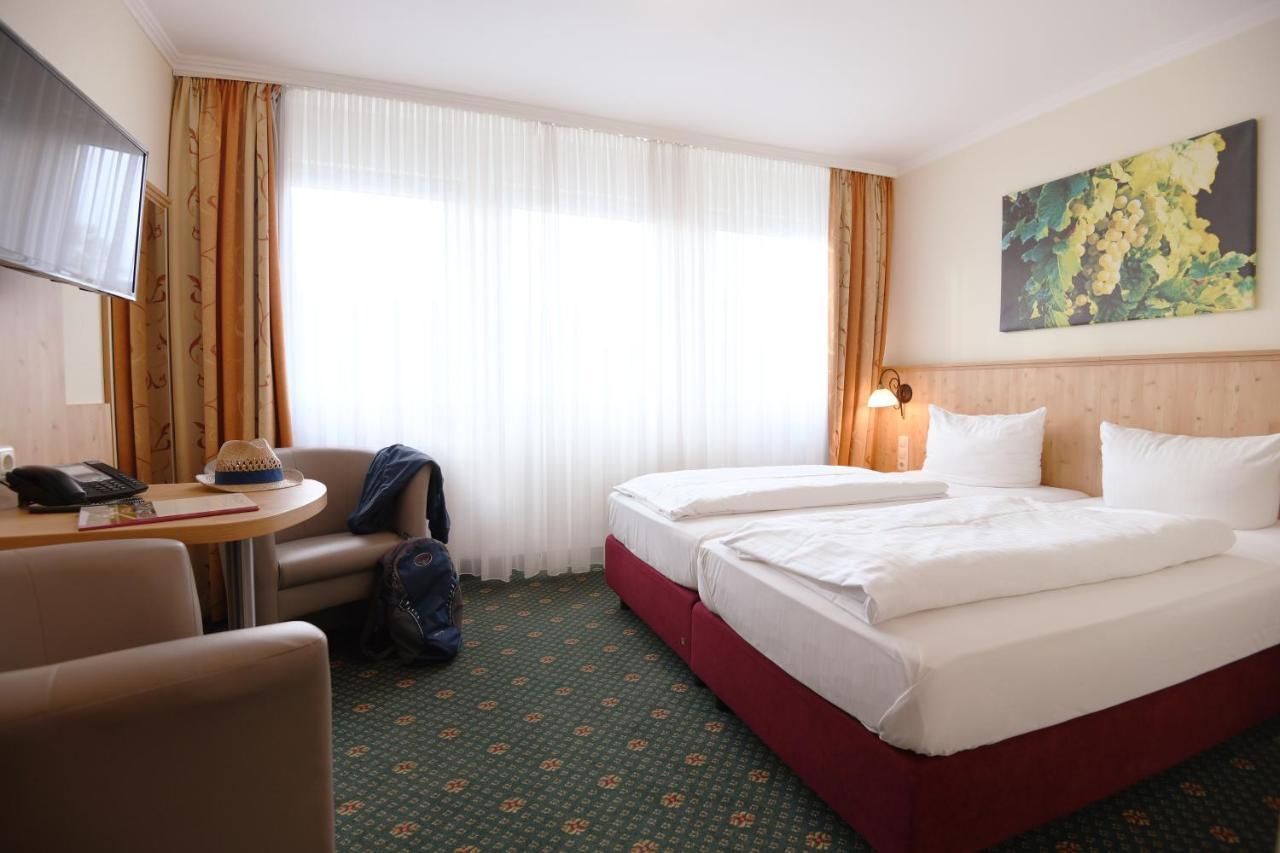 Löf Moselstern Parkhotel Kraehennest מראה חיצוני תמונה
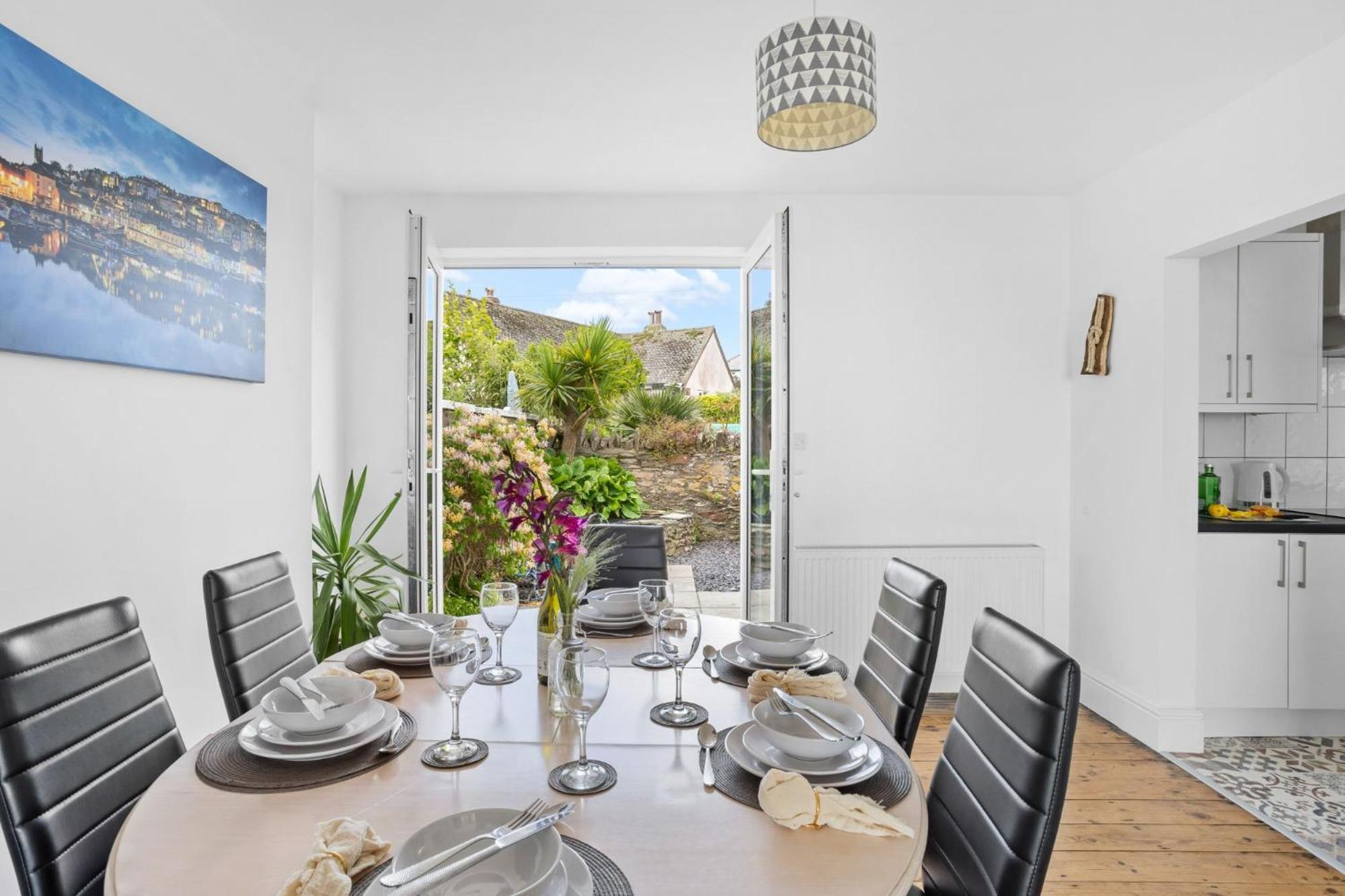 Villa Lighthouse View à Brixham Extérieur photo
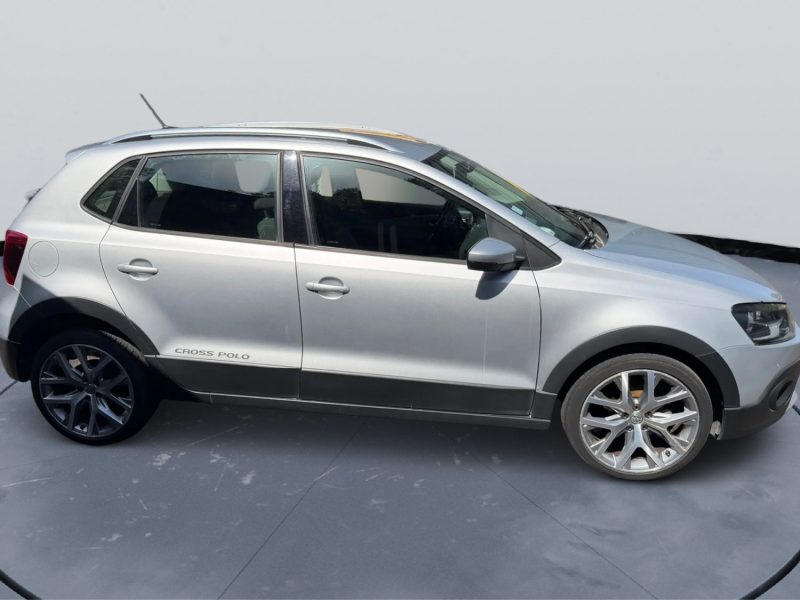 VOLKSWAGEN POLO 1.2 TSI 90 CROSS DSG 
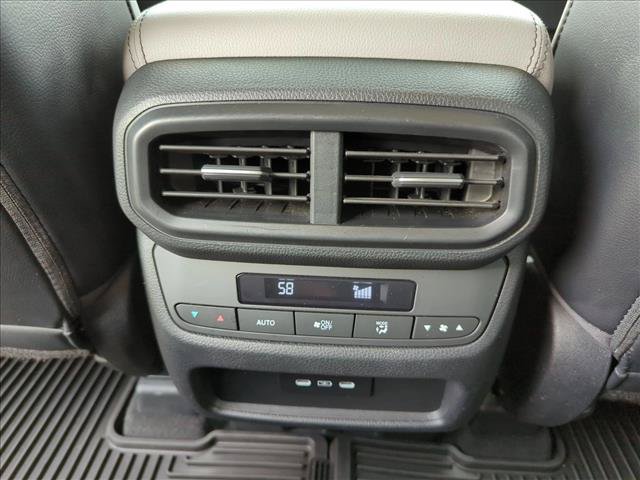 Used 2025 Honda Pilot Touring image 17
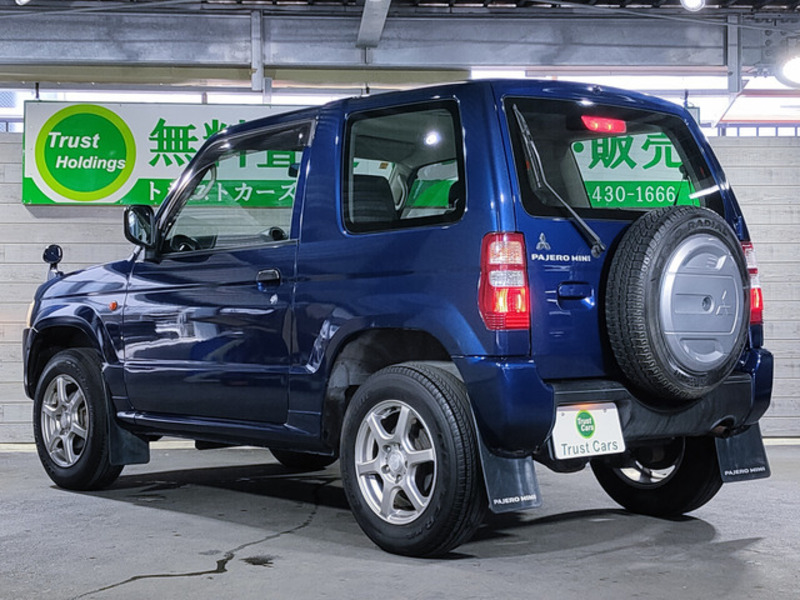 PAJERO MINI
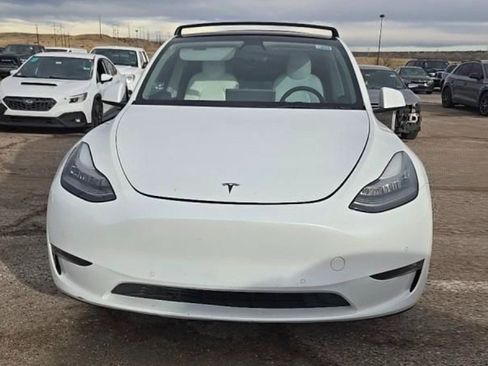 Used 2021 Tesla Model Y Long Range image 6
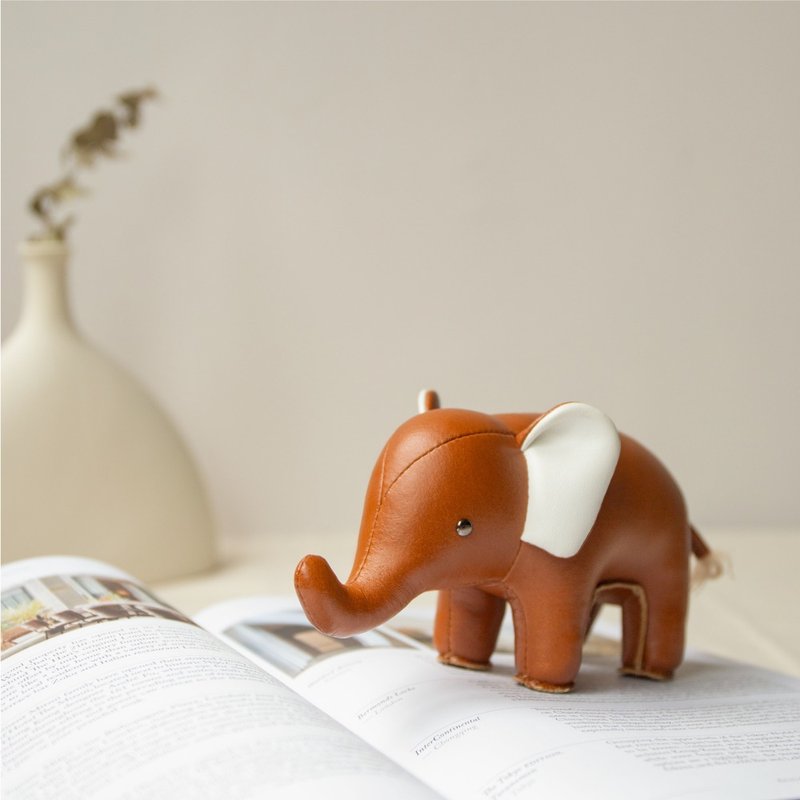 Zuny - Elephant - Paperweight - Items for Display - Faux Leather Multicolor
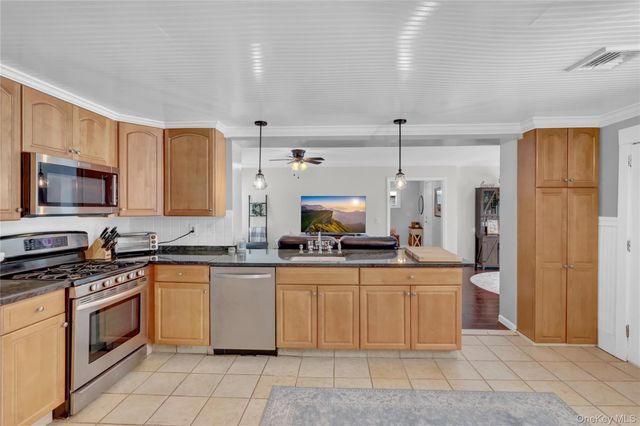 310 6th Avenue, Saint James, NY 11780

○ ○ ○ ○ ○

Reproduce the listing word for word, but keep the pictures out of it.

■ WRITTEN ANSWER:
 Löf Moselstern Parkhotel Kraehennest מראה חיצוני תמונה
 Villa Lighthouse View à Brixham Extérieur photo
 VOLKSWAGEN POLO 1.2 TSI 90 CROSS DSG 
 Used 2025 Honda Pilot Touring image 17
 PAJERO MINI
 Used 2021 Tesla Model Y Long Range image 6
 Zuny - Elephant - Paperweight - Items for Display - Faux Leather Multicolor
 310 6th Avenue, Saint James, NY 11780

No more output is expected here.